7. Little Creatures, like "Speaking in Tongues," is inconsistent (still a new thing for the Talking Heads). It is softer than "SIT" and maybe easier on the ears. (It could as easily be 6 rather than 7; these two albums, to me, are basically tied.) And, once again, as with SIT, the best songs are the opener ("And She Was," a crazy, fun song about a flying woman that somehow manages to make you sympathize with crazy flying women), and the closer, "Road to Nowhere," which is like no Talking Heads song I'd ever heard before, but is still unmistakably a "Talking Heads" song.

8. Naked. OK, now we're getting to the end of the road. But don't knock this record. It is probably the least best Talking Heads record ever (#9, below, hardly counts as a proper "Talking Heads" record), but it's not that bad.
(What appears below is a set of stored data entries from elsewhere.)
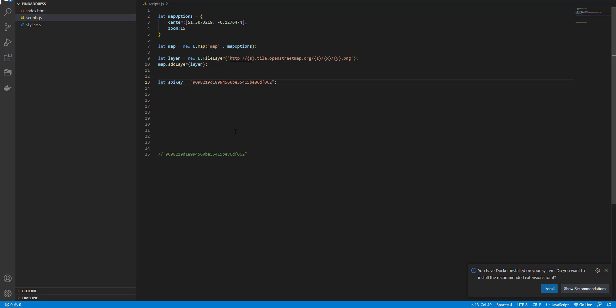And for adding search box, we use add search control and that is a leaflet.js control.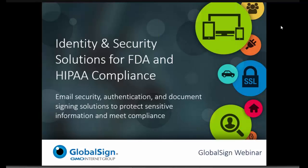Hello, everyone, and welcome to our webinar on Identity and Security Solutions for Complying with FDA and HIPAA Regulations. I'm Julia Olenski with the GlobalSign Marketing Team, and I want to thank you all for joining us today.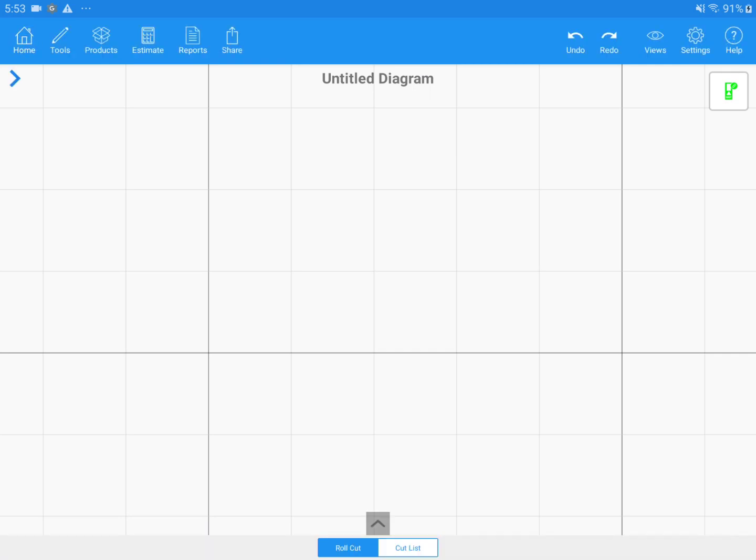Hi, I'm Alan from MeasureSquare. Today, we're going to talk about how to use the Auto Turn feature.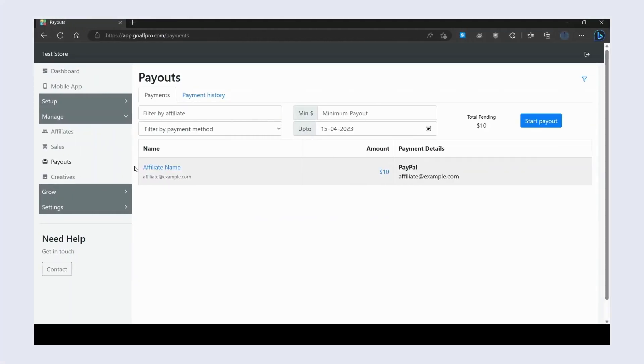Hello everyone, today we are going to be looking at how to pay affiliates with PayPal payouts in the GoAffPro app. Here in the Payouts tab of the GoAffPro admin panel, go to the Payment section, and click on Start Payout.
The song "Flowers," for example, is beautiful, a paean to the good old days before the earth took over again, reducing our Pizza Huts to fields of daisies and cornfields. Clever and pretty and just plain sweet. Unfortunately, there just wasn't much else here, and this was obviously the end of the line for them. But not a bad farewell. And if you haven't listened to it in a while, listen to it again. There is plenty of good stuff here. Really. I know it's hard though, because when you want to hear the Talking Heads, this is not really what you want to hear.

9. True Stories. From what I understand, this barely counts as a Talking Heads record at all. More of a David Byrne vanity project. But that's okay. "Love For Sale" and "Wild Wild Life" are great. But there's also quite a bit of filler. And the movie was lame. (Sorry! But, yeah, you know I'm right.) Still, If I had made nine albums in my career, and this was the "worst" of them, or the "least best" of them (according to some dope in Lincoln, Nebraska), I'd feel still be pretty damned proud.


So, yeah. No fucking shit. The Talking Heads were great. Their first four albums were as good as any first four albums that anyone has ever made. I would stack them against Roxy Music and Elvis Costello and the Ramones and Bruce Springsteen and the Clash and . . . one or two others that escape my mind. Maybe they (or at least their "leader") got a little too ambitious, and then maybe they tried to scale back again to recapture their original innocence, and maybe that didn't quite work out, but what the hell. These guys were goddamned good. No, I take that back. They were really fucking great.